If you search Buzzfeed for the word ‘retail’, up pops 23 Epically Wrong Retail Fails.

The list is the usual Buzzfeed content: bananas labelled as “long yellow things”, products that are misspelt and shop names in foreign countries which sound deeply inappropriate in English.

What should, however, perhaps be number 24 on the list is the Sainsbury’s poster that encouraged its staff to try and get an extra 50p from every customer on each visit (well, I’m sure we’ve all done it).

At number 25 I’d add the Twitter conversation trail that followed, as an increasingly anxious member of the Sainsbury’s social media team tried to return it to the staff room where it belonged and before it became really embarrassing. Oops.

Now this story is wonderful on so many levels. I was once told that customers only know the exact price of eight things, ie the products that they buy regularly. But I don’t buy anything regularly that costs 50p.
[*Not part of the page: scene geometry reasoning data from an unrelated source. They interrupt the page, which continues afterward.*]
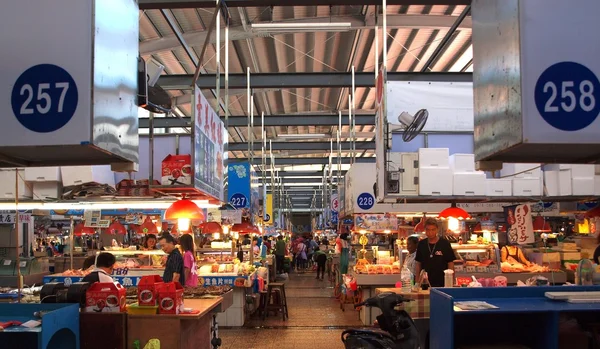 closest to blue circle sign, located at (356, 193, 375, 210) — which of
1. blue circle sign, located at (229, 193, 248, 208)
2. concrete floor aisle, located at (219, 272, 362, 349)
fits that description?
concrete floor aisle, located at (219, 272, 362, 349)

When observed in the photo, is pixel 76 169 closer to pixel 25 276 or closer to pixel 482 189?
pixel 25 276

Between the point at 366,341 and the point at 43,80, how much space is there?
3.12 metres

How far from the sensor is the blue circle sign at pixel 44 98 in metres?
2.87

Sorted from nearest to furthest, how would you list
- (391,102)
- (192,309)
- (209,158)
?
1. (192,309)
2. (209,158)
3. (391,102)

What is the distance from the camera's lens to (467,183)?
10664 millimetres

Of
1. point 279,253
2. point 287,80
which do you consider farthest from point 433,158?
point 279,253

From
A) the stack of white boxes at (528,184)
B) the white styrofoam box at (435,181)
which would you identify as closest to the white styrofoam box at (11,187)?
the white styrofoam box at (435,181)

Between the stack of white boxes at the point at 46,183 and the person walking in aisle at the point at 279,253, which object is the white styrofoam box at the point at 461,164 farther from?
the person walking in aisle at the point at 279,253

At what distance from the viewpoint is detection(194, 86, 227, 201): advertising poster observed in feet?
22.8

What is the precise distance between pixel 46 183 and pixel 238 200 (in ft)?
19.6

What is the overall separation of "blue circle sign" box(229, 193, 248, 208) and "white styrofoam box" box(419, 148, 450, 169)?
5728 millimetres

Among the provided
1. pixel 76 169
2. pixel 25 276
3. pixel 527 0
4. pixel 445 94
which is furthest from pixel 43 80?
pixel 25 276

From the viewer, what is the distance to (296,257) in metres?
33.9

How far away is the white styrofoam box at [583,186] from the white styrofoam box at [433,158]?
252cm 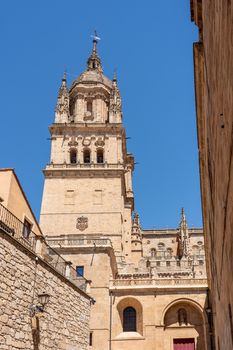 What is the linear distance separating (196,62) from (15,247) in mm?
7455

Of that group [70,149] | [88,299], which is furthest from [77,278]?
[70,149]

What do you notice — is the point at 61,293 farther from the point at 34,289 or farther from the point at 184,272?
the point at 184,272

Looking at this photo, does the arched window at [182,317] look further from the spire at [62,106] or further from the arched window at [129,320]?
the spire at [62,106]

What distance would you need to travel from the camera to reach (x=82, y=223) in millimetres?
38938

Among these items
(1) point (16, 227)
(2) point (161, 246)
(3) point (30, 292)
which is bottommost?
(3) point (30, 292)

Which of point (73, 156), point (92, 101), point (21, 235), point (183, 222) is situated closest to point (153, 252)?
point (183, 222)

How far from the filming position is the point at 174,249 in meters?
58.5

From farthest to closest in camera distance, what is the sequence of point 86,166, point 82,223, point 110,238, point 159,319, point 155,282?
point 86,166
point 82,223
point 110,238
point 155,282
point 159,319

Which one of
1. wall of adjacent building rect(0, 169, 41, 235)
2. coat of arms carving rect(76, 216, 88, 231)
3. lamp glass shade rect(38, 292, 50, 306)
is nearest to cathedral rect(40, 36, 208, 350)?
coat of arms carving rect(76, 216, 88, 231)

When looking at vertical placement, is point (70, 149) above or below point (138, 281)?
above

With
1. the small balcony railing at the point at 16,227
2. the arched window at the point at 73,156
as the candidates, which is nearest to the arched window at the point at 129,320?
the arched window at the point at 73,156

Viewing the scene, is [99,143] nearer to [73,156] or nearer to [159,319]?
[73,156]

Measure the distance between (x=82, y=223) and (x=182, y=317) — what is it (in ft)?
40.7

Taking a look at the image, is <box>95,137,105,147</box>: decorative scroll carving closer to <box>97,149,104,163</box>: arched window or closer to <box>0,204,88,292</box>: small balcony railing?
<box>97,149,104,163</box>: arched window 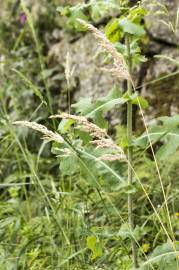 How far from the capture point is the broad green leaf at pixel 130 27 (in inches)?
75.8

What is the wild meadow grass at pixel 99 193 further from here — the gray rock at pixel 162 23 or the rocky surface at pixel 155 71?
the gray rock at pixel 162 23

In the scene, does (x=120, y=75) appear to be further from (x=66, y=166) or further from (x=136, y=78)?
(x=136, y=78)

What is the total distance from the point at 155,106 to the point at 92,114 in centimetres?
190

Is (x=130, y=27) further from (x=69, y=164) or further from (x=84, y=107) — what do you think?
(x=69, y=164)

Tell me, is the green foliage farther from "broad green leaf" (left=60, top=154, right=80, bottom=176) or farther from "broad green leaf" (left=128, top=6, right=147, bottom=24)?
"broad green leaf" (left=128, top=6, right=147, bottom=24)

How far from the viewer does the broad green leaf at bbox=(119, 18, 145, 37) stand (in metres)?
1.93

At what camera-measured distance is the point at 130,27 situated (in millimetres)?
1934

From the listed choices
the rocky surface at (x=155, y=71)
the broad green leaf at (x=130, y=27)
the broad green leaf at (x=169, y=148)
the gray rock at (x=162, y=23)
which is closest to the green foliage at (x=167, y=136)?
the broad green leaf at (x=169, y=148)

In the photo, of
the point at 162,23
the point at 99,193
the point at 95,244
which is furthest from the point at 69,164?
the point at 162,23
“As a retailer I’m thinking: 50p? Is that really the limit of our ambition? Why not £1?”

Jacqueline Gold, Ann Summers

Which got me wondering: what would you have to upsell in a supermarket to increase your customer average transaction value by 50p? After a look around, I found the answer – own-label biscuits.

So I began envisioning supermarket staff breezily walking the aisles, while surreptitiously slipping a pink wafer or some chocolate fingers into customers’ trolleys.

Then as a retailer, I’m also thinking: 50p? Is that really the limit of our ambition? Why not £1?

It’s hard enough getting customers into stores at the best of times – once they’re in your shop, you’ve really got to make hay.

After all there’s a (price) war on out there and you can’t man the retail barricades armed with Bourbons and Jaffa Cakes – you’ll come across all Marie Antoinette and that really will send them off to Aldi and Lidl.

Of course these things are always more amusing when they happen to someone else, not least because there’s a part of all of us that thinks there but for the grace of God go I.

So we could mark it down as a simple mistake and laugh it off.

Alternatively it could become part of a more serious discussion about brand values, business transparency and the now not-so-big difference between the big supermarkets and the discounters.

Either way, it could have been worse. It wasn’t Sainsbury’s that overstated its expected profits by £250m – something that quite possibly would go straight in at number one in the list of fails.